Abstract:It is well believed that video captioning is a fundamental but challenging task in both computer vision and artificial intelligence fields. The prevalent approach is to map an input video to a variable-length output sentence in a sequence to sequence manner via Recurrent Neural Network (RNN). Nevertheless, the training of RNN still suffers to some degree from vanishing/exploding gradient problem, making the optimization difficult. Moreover, the inherently recurrent dependency in RNN prevents parallelization within a sequence during training and therefore limits the computations. In this paper, we present a novel design --- Temporal Deformable Convolutional Encoder-Decoder Networks (dubbed as TDConvED) that fully employ convolutions in both encoder and decoder networks for video captioning. Technically, we exploit convolutional block structures that compute intermediate states of a fixed number of inputs and stack several blocks to capture long-term relationships.
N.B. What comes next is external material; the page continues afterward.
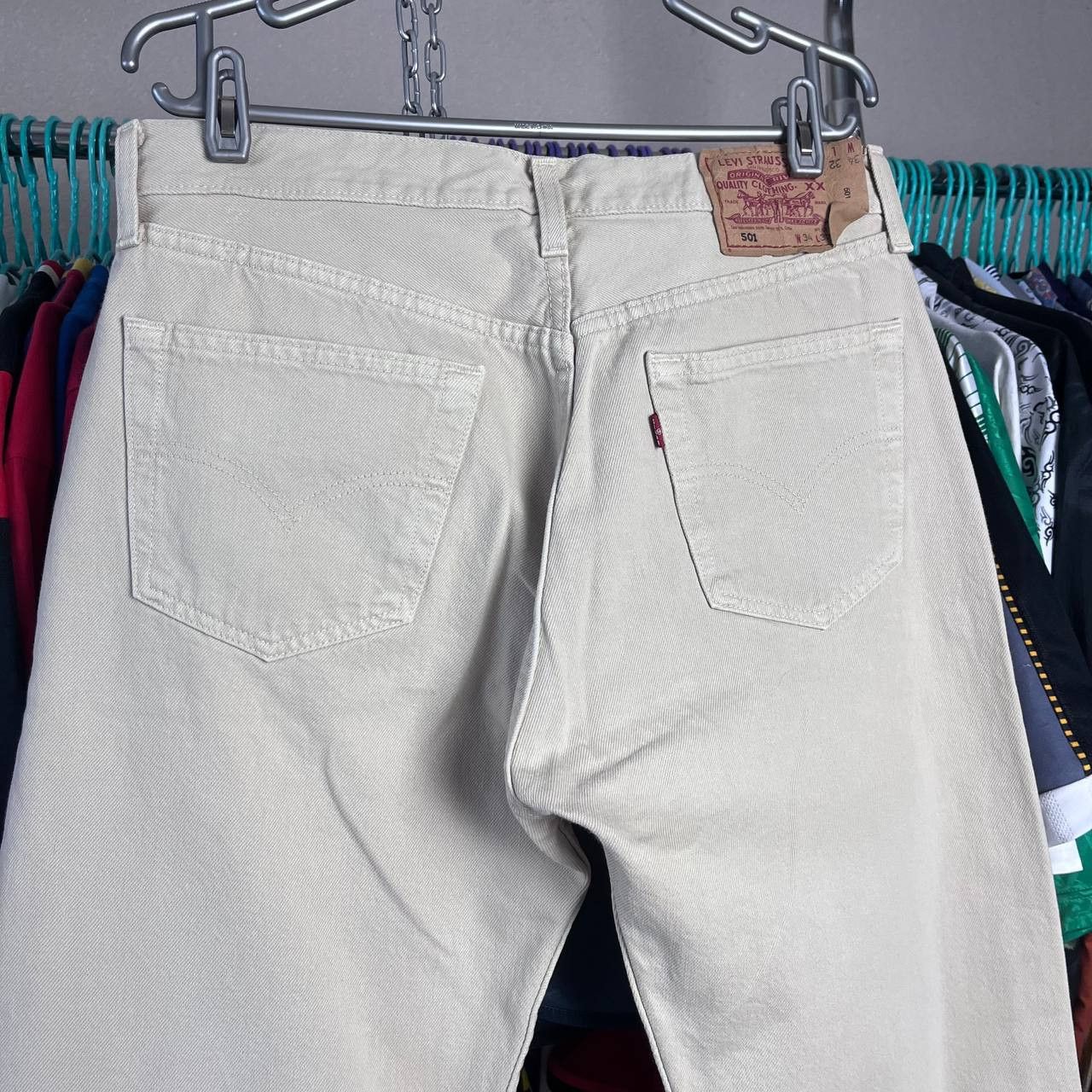 Levi's Vintage Clothing Vintage 90s Levis 501 Button Fly Beige Denim Pants USA Size US 34 / EU 50 - 2 Thumbnail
The structure in encoder is further equipped with temporal deformable convolution to enable free-form deformation of temporal sampling. Our model also capitalizes on temporal attention mechanism for sentence generation. Extensive experiments are conducted on both MSVD and MSR-VTT video captioning datasets, and superior results are reported when comparing to conventional RNN-based encoder-decoder techniques. More remarkably, TDConvED increases CIDEr-D performance from 58.8% to 67.2% on MSVD.